Humor website oversimplifies the realities of the digital-news biz
Like a lot of the funniest satire at the Onion, a serious message often lurks beneath the jokes. So when the humor website published a fake memo Monday from an executive at CNN.com justifying prominent homepage placement of Miley Cyrus’ dirty dancing at MTV’s “Video Music Awards,” it wasn’t difficult to comprehend the underlying anger.
The Onion condemned the Cyrus coverage not only as a “disservice” to readers but to “the hundreds of thousands people dying in Syria, those suffering from the current unrest in Egypt.” The implication is that those unquestionably more important stories are more suitable to the top of the homepage.
But were the Onion a real news organization, it might understand a more complicated truth behind the uneasy coexistence of Cyrus and Syria in modern digital newsrooms: It’s difficult to subsist on substantive journalism without some help from more crowd-pleasing content.
“If we’re able to get more eyeballs, that means I’ve done my job, which gets me congratulations from my bosses, which encourages me to put up even more stupid bullshit on the homepage,” reads the memo, which carries the faux byline of real-life CNN.com managing editor Meredith Artley.
In one fell swoop, the Onion chalks up the decision to a mix of ego, greed and job preservation. Were it only that simple.
What the Onion does get right is that an editor in Artley’s position must be cognizant of the business model underlying CNN.com and most other websites: maximizing advertising revenues is dependent on maximizing traffic. And so like Cyrus herself, journalists toiling online find themselves occasionally “twerking” uncomfortably close to the groin of their employer’s financial goals.
That’s a pressure that has existed long before the Internet, but has certainly been accentuated by the analytics that give publishing companies detailed feedback of how content performs in a way the print world couldn’t.
While that’s great for understanding what does or doesn’t resonate with users, the sad fact of the matter is that the quality journalism so near and dear to editors’ hearts is often not what drives traffic. That leaves a news organization with three basic options:
1) You can remain in denial that quality alone will prevail despite all evidence of the contrary.
2) You can do whatever it takes to drive traffic and lose any sense of distinct brand identity.
3) You can coordinate a balanced attack between the quality that supports the brand but not traffic with more broadly appealing content that does more for traffic than it does the brand.
If you guessed CNN is going with the third option, give yourself a prize.
As extensive as the Cyrus coverage is, it is a cheap and quick way to yield great results–the polar opposite of Syria coverage, which is likely expensive, time-consuming and an inconsistent audience draw.

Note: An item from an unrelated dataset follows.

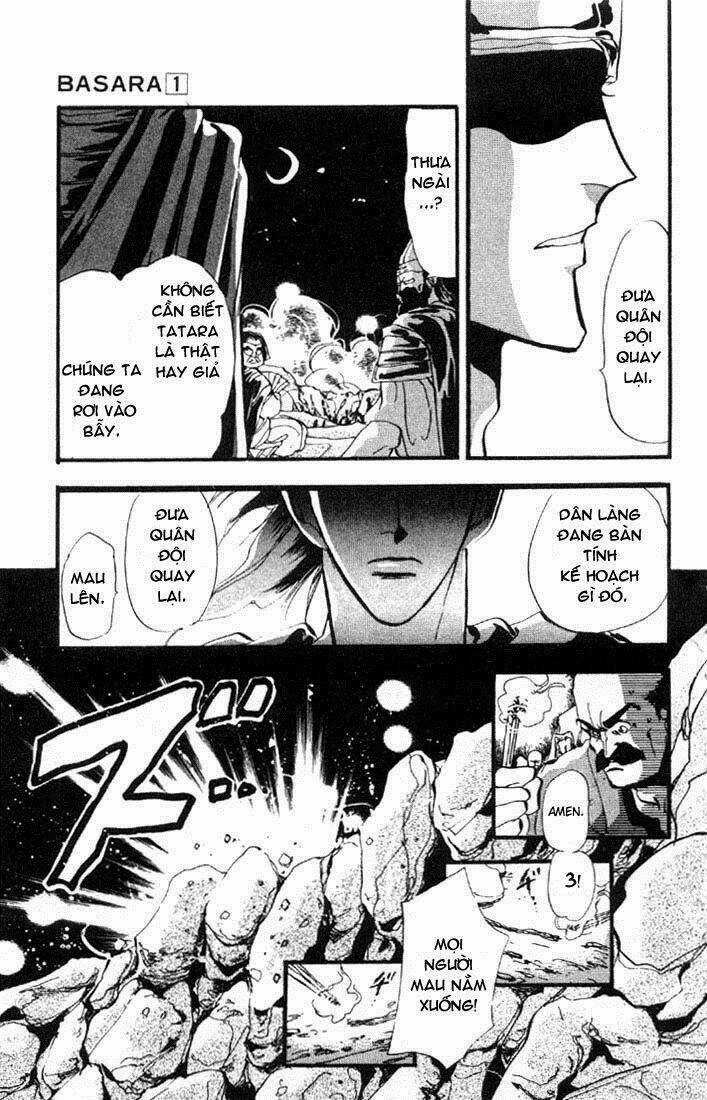 Đứa Con Số Phận - Chapter 2 - Trang 20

But that’s where those who cherish the Syria coverage need to understand that Cyrus doesn’t detract from Syria; it actually bears the weight of traffic demands that Syria shouldn’t be expected to meet. Thus Cyrus is helping shoulder the cost of more substantial coverage that Syria can’t possibly meet on its own.
Fantasize if you must about a Cyrus-less CNN: all substantive coverage, all the time. But as long as CNN needs the kind of scale that keeps it on the ground in Syria and the world over while still dependent on advertising revenues, the organization must be mindful of keeping up audience levels across all platforms. Do you think Syria can carry that load?
Syria can even benefit from a little Cyrus time; there’s something to be said for any kind of content triggering a mass influx of users, which increases the chance they will move on to other content on the site. Come for Cyrus, stay for Syria.
Still, there are those who will insist that Cyrus does not belong at the top of the homepage for even a millisecond because if the statement CNN is essentially making with its placement: Cyrus is more important than Syria. Anderson Cooper would never lead his show with a segment on Cyrus (though he’d certainly get to it in the final quarter-hour).
Before wringing your hands raw over online news, consider that this is a temporary state of affairs. We’re still in the infancy of Internet content delivery, and there’s going to be plenty of innovation in the years ahead. The notion of a home page as one curated idea that the masses consume alike has already begun to be replaced by a more algorithm-driven, personalized approach. No two home pages are the same. If you like your news Miley-free, your browser history will make that clear to your news provider of choice, which will filter what content options you receive based on your behavioral data.
And that’s where privacy issues start to creep in, but let’s save that conversation for another time.